[DATA TO PROCESS Boundary: Start]
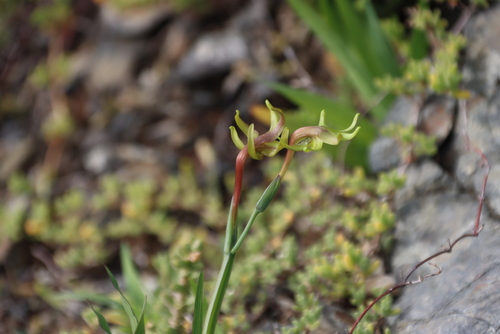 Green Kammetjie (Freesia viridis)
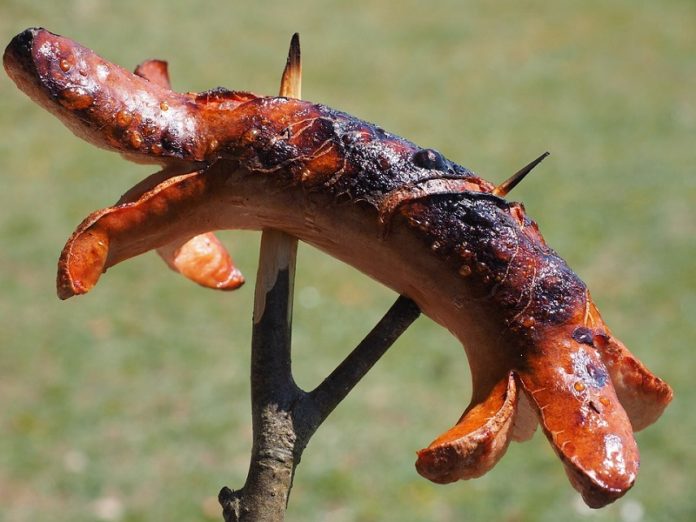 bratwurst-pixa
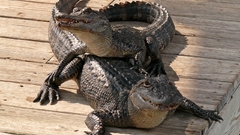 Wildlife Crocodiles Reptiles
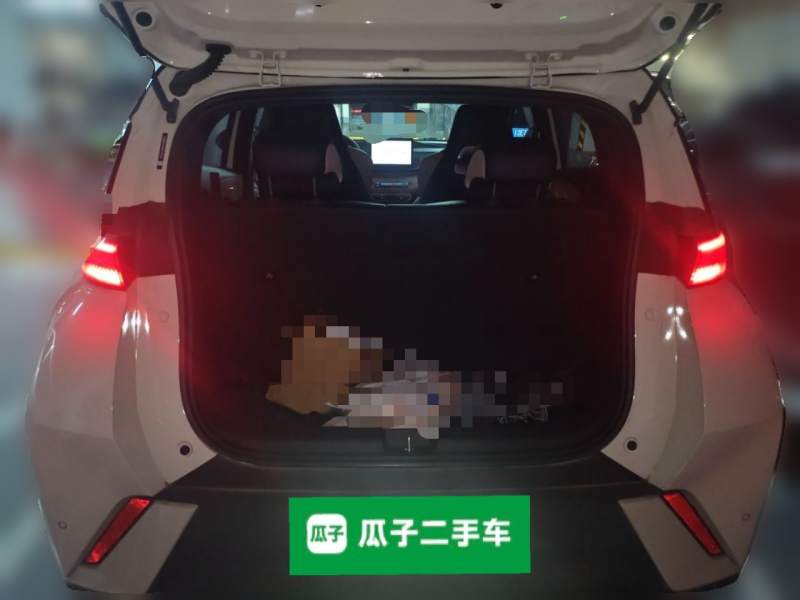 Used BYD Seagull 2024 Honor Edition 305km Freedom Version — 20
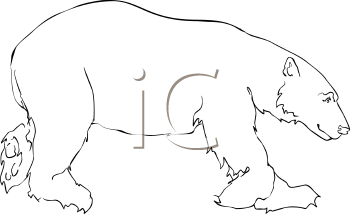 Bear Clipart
[DATA TO PROCESS Boundary: End]
[DATA TO PROCESS Boundary: Start]
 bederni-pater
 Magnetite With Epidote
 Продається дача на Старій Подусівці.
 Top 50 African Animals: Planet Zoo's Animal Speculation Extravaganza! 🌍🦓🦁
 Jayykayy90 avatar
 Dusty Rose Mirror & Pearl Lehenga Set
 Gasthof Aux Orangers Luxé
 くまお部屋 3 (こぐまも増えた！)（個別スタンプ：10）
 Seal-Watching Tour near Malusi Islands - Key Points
[DATA TO PROCESS Boundary: End]
[DATA TO PROCESS Boundary: Start]
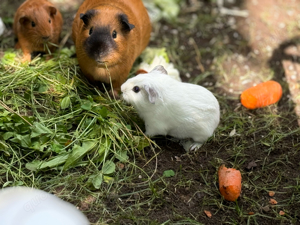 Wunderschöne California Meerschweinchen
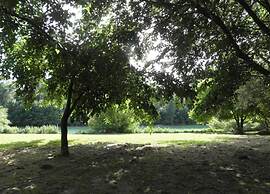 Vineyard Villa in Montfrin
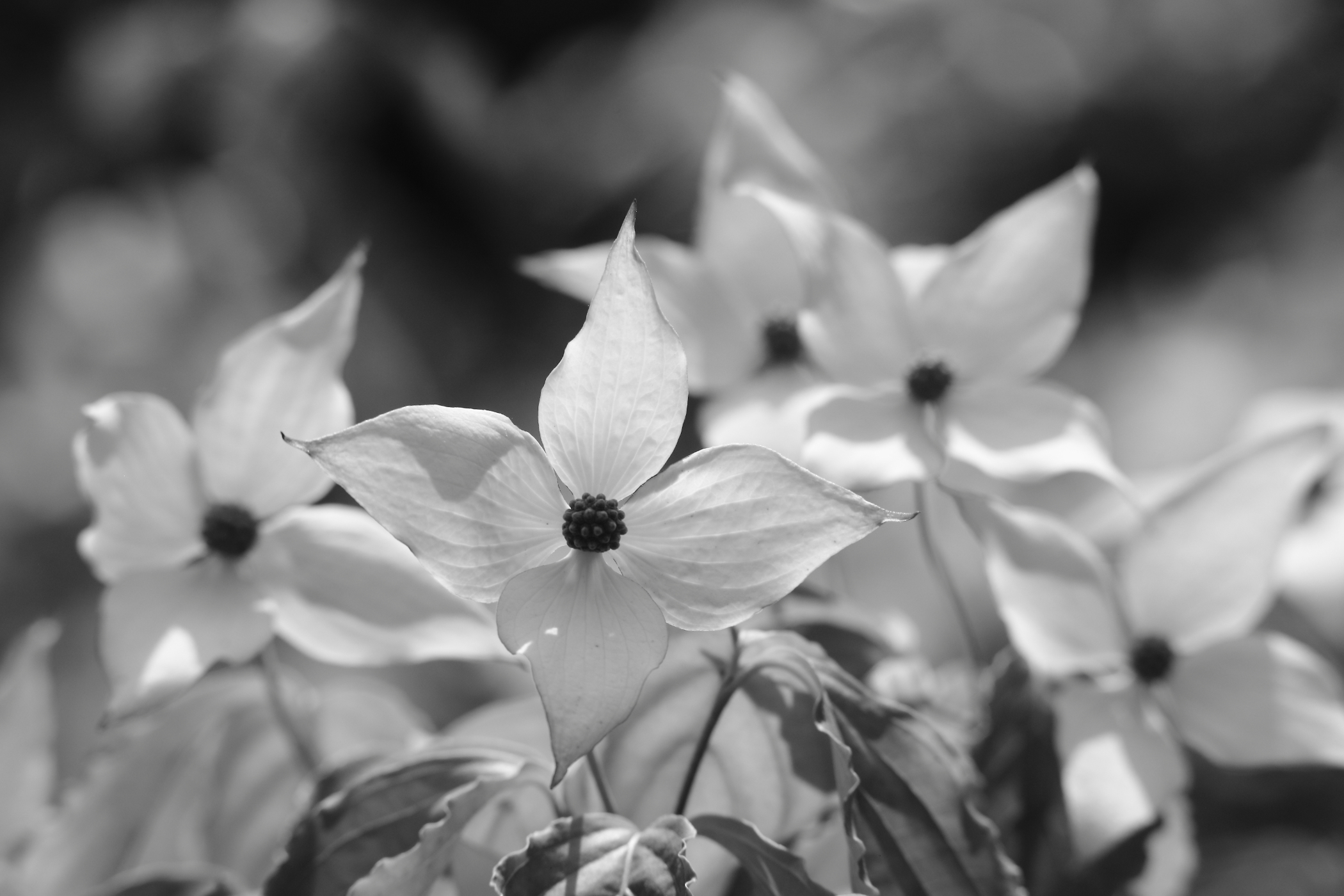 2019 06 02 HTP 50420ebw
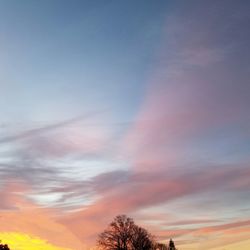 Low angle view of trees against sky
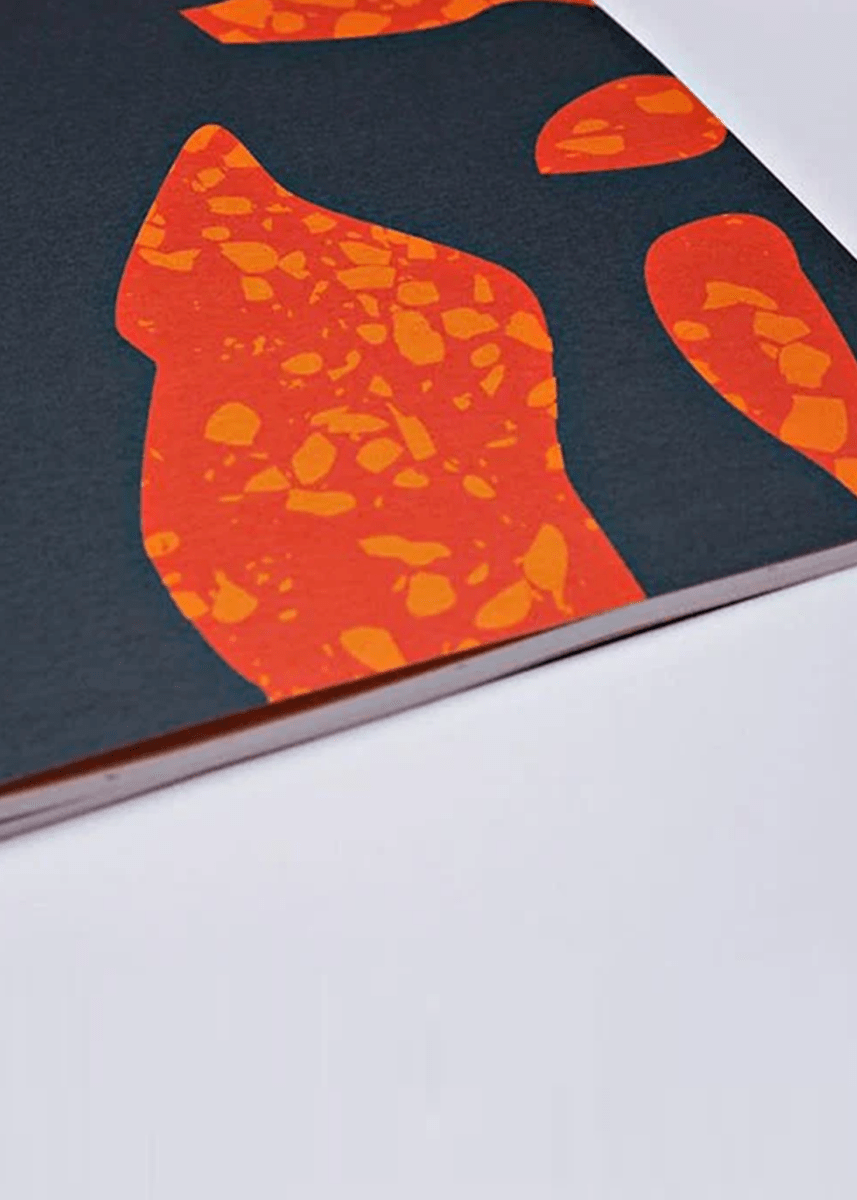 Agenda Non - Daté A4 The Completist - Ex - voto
[DATA TO PROCESS Boundary: End]
Every line from the line containing "Magnetite With Epidote" through the line containing "Gasthof Aux Orangers Luxé" in the records above must be retyped exactly. Leave out the rest.

 Magnetite With Epidote
 Продається дача на Старій Подусівці.
 Top 50 African Animals: Planet Zoo's Animal Speculation Extravaganza! 🌍🦓🦁
 Jayykayy90 avatar
 Dusty Rose Mirror & Pearl Lehenga Set
 Gasthof Aux Orangers Luxé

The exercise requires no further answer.